Public Health (Wales) Act 2017 -  Special Procedures

A summary of the main requirements of the licensing system for practitioners

The Public Health (Wales) Act received Royal Assent in July 2017. Part 4 of the Act requires a mandatory licensing scheme for practitioners and businesses carrying out ‘Special Procedures’ in Wales. ‘Special Procedures’ include those practices currently requiring registration under the Local Government (Miscellaneous Provisions) Act 1982, namely tattooing including semi permanent skin colouring, cosmetic piercing, acupuncture and electrolysis.

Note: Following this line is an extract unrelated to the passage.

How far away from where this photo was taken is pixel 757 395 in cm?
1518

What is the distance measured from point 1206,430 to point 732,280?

The aim is to introduce the licensing scheme by April 2020. The main requirements include:

  • Practitioners must be licensed to carry out special procedures (it will be an offence to carry out special procedures without a licence);
  • Business premises or vehicles must be approved (it will be an offence for a practitioner to perform any procedures from premises or vehicles that are not approved);
  • A full licence will last for 3 years, and a temporary licence will last for 7 days (this is to accommodate events and conferences). It will be a requirement to display the licence in the premises where the special procedure is undertaken.
  • Licence conditions will relate to the competence of practitioners, the premises where practitioners work, the equipment and practices used, advice given before and after the special procedure and the records kept by practitioners;
  • Competence will relate to infection control and first aid in context of the special procedure practised. The level of competence will relate to the level of risk linked to the special procedure, for example ear lobe piercing would not require the same level of competence as body piercing. Knowledge of the requirements of the Act will also be required.
  • Current registered practitioners will need to transition to the new mandatory system and time will be allowed for those practitioners (and their premises) to be assessed by local councils and moved on to the new licensing system;
  • Local councils will be responsible for enforcing the licensing requirements and for keeping up to date a public register. There will be greater powers to enforce this legislation than those currently in place, as well as the ability to revoke a licence and immediately stop unsafe practices. Fines will also be unlimited upon successful prosecution;
  • In order to ensure the legislation remains up to date as new special procedures evolve in the future, the Act includes a provision to make further legislation to amend/add to the list of special procedures.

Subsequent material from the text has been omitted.